Banks without a physical presence in London may apply to join the panel of members that contribute to the Libor-setting process, the BBA said on its Web site. Banks will have to be “material participants” in the London market, the BBA said. A year ago, the organization said it would look to expand the panel of contributors and possibly add a second daily survey.

Credit Ratings

Standard & Poor’s Ratings Services said that it lowered its ratings and revised its outlooks on 22 rated U.S. banks.

Bankruptcies

Eddie Bauer Holdings Inc., the U.S. outdoor-clothing chain, filed for bankruptcy court protection as part of a proposed sale to affiliates of CCMP Capital Advisors LLC for $202 million.

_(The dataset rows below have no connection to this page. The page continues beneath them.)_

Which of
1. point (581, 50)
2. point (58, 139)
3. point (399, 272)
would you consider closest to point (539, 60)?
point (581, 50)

Extended Stay Hotels, the operator of mid-priced hotels acquired at the peak of the commercial real estate market for $8 billion, filed for bankruptcy protection as the recession cut corporate and leisure travel.

Six Flags Inc., the owner of 20 theme parks, sought bankruptcy protection 3 1/2 years after Washington Redskins owner Daniel Snyder become chairman and hired new managers in an attempt to return it to profitability.

FED

The Federal Reserve Bank of New York named Jefferies & Co. a primary dealer, the first addition since 2006 to the network of securities firms that underwrite the U.S. government’s debt.

A reduction in primary dealers to 16 firms this year, the lowest since the network was formalized in 1960, had led to wider bid-ask spreads, reduced liquidity and removed bidders as some auctions have doubled in size.

TARP

JPMorgan Chase & Co. and Goldman Sachs Group Inc., are among 10 of the nation’s largest banks that repaid $68 billion to the U.S. Treasury in a step toward shedding government restrictions on lending and compensation.

TALF

The Federal Reserve received no requests from investors for loans to buy new commercial mortgage-backed securities under an emergency program aimed at reducing borrowing costs and reviving U.S. economic growth.